The case for funding the program
While a $2.7 million penalty isn’t massive, the MCCA has been using Christian’s warning of escalating penalties to argue for investment now. Minnesota will eventually have to catch up to federal requirements, and it may only become more expensive the longer it waits.
Rhian Evans Allvin, CEO of the National Association for the Education of Young Children, joined the tour of New Horizons last week and said higher reimbursement rates are the only way to ensure child care workers can make money in an industry with a broken economic model.
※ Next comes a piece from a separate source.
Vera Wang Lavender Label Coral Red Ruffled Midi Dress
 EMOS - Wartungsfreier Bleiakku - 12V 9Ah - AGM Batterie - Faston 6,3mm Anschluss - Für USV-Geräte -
Tuition is ultra-expensive for parents, yet providers and workers often struggle to make money because of small child-to-staff ratios, strict regulations and long work hours.
“The supply and demand of the marketplace don’t match,” Allvin said. “So the way you invest in early childhood educators is you pay current market rates for reimbursement. And then point you have the resources to make the investments in the workforce that match the science of early learning.”
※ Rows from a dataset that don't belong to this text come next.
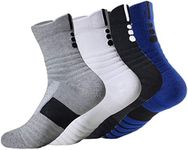 Basketball Socks Outdoor Athletic Crew Socks Thick Compression Long Running Sports Socks for Men & Women 4 Pack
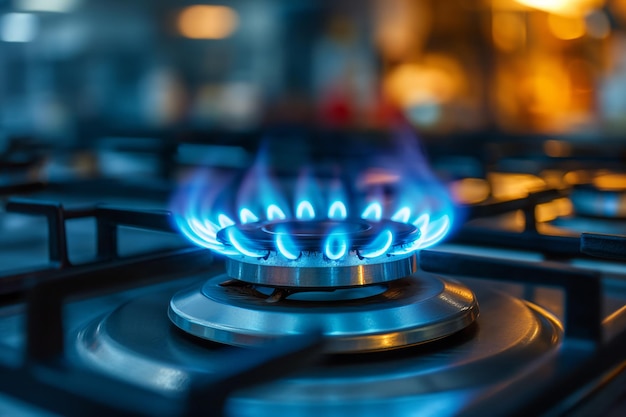 Natural gas burning on kitchen gas stove Panel from steel with a gas ring burner close up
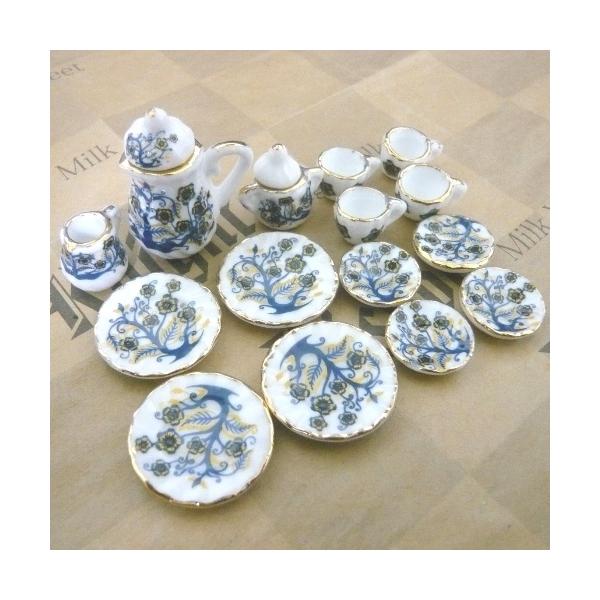 1/12ミニチュア陶器セット 藍/金花柄ティーセットB /メール便対応可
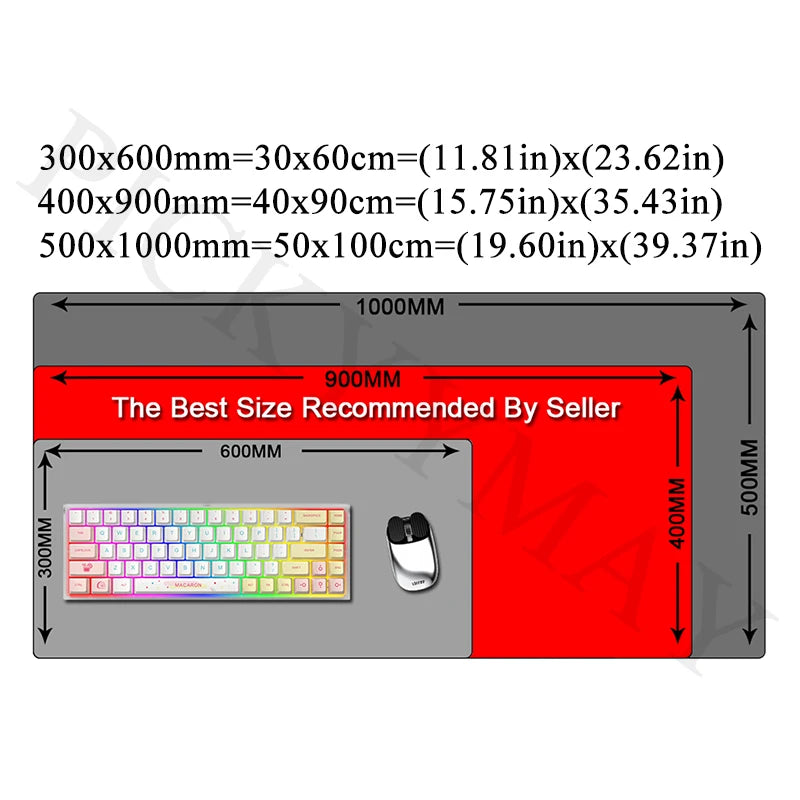 Mouse Pad Peixe 40x90cm xxl bloqueio borda mousepad grande tapete de mesa, tapetes de teclado Para Desktop Mouse Pad Japonesa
Lack of child care has been a frustration for businesses around the state looking to hire in Minnesota’s tight labor market. Walz’s administration noted more than 67 percent of children served by CCAP are people of color. The government has focused recently on reducing economic disparities and meeting worker demands through spending on workforce training since people of color face higher unemployment rates than whites and historically have been left out of Minnesota’s prosperity.
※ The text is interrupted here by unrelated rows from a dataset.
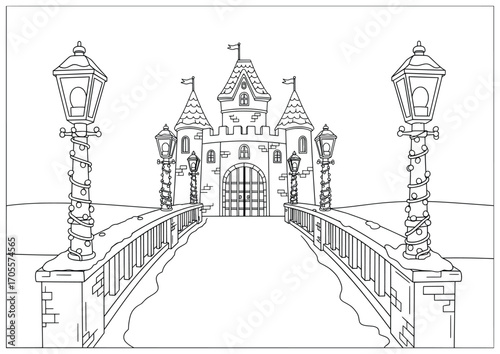 Christmas castle illustration of a festive fortress with decorated lamp posts wrapped in string lights along a snowy bridge creating a cheerful seasonal holiday scene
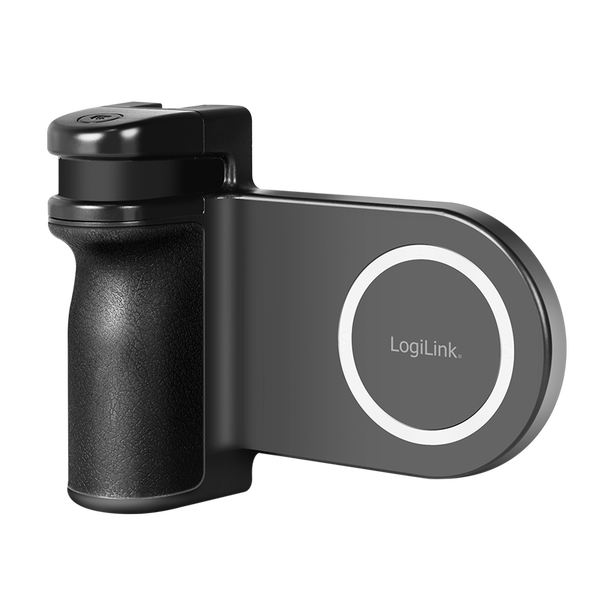 LogiLink Magnetic phone grip with LED light, BT 5.2, camera release, MagSafe compatible
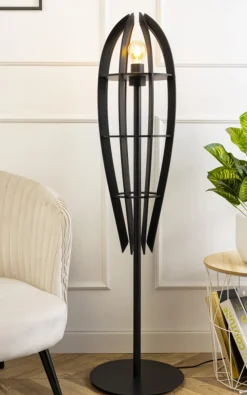 Lampa podłogowa Plywood 120 cm czarna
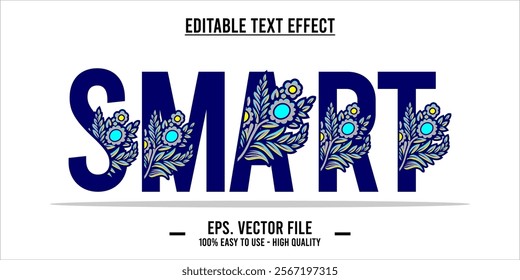 typography SMART word art illustration, editable text effect, eps file format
Flanagan said it’s important to invest in child development, but that spending “is also good for employers” because it ensures “parents can have access to a good job.”
Trust issues at DHS
Abeler, one of the top Republican senators working on child care issues, said he is not strictly against updating reimbursement rates, but added the state has often faced federal warnings to shape up and was skeptical it would be severely penalized. He also said it may not make sense next year to spend tens of millions of dollars to avoid what could be a small fine in the scale of the larger state budget.
But Abeler’s overriding concern was fraud in CCAP. A report by the Office of the Legislative Auditor in March found it was tough to root out fraud, and likely more common than what prosecutors have been able to prove in court.
Lawmakers eventually implemented a sweeping set of anti-fraud measures and the state’s top child care fraud investigator, Carolyn Ham, was reassigned by an interim DHS commissioner. Senate Republicans also successfully fought efforts to increase reimbursement rates, saying fraud issues were too significant to justify spending more money on CCAP. The GOP’s strategy for helping increase access to affordable child care has focused mainly on cutting regulations for providers.
Since the legislative session ended in May, DHS has faced even more turmoil. Tony Lourey resigned as commissioner after a pair of top deputies at the agency said they were leaving in protest. Deputy Commissioners Chuck Johnson and Claire Wilson rescinded those resignations after Lourey left, although Wilson later resigned again.
“They have a real issue with their credibility,” Abeler said. “I’m optimistic that (new commissioner) Jodi Harpstead is there and she’s going to sort out what she can. But if you remember Humpty Dumpty — all the king’s horses and all the king’s men couldn’t put Humpty back together again. And so there’s a long ways to go for whatever she actually gets done and what people see and what they begin to trust.”
Abeler said lawmakers are expecting to hold a hearing in October about changes at the Inspector General’s office of DHS, which investigates fraud. He said the office “sounds like it actually could function now, which is a story about something that turned out good.”
“If the program integrity can be run in a decent way, then it’s a good time to talk about that,” Abeler said of raising reimbursement rates.